WHAT YOU HAVE TO DO:
Nothing less than an exact copy of all the records is required.

*** Begin section ***

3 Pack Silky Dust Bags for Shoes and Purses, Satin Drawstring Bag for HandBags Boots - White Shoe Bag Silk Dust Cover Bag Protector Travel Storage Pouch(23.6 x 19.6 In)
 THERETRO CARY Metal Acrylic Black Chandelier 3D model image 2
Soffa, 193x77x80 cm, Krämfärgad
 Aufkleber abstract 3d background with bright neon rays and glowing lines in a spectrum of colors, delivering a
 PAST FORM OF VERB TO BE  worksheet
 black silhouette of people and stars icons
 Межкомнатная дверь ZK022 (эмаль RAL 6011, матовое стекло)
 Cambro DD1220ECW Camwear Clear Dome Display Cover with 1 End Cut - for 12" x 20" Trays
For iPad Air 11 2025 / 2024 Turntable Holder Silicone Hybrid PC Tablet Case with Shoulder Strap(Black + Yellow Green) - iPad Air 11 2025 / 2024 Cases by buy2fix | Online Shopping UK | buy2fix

*** End section ***

EXERCISE ANSWER:
3 Pack Silky Dust Bags for Shoes and Purses, Satin Drawstring Bag for HandBags Boots - White Shoe Bag Silk Dust Cover Bag Protector Travel Storage Pouch(23.6 x 19.6 In)
 THERETRO CARY Metal Acrylic Black Chandelier 3D model image 2
Soffa, 193x77x80 cm, Krämfärgad
 Aufkleber abstract 3d background with bright neon rays and glowing lines in a spectrum of colors, delivering a
 PAST FORM OF VERB TO BE  worksheet
 black silhouette of people and stars icons
 Межкомнатная дверь ZK022 (эмаль RAL 6011, матовое стекло)
 Cambro DD1220ECW Camwear Clear Dome Display Cover with 1 End Cut - for 12" x 20" Trays
For iPad Air 11 2025 / 2024 Turntable Holder Silicone Hybrid PC Tablet Case with Shoulder Strap(Black + Yellow Green) - iPad Air 11 2025 / 2024 Cases by buy2fix | Online Shopping UK | buy2fix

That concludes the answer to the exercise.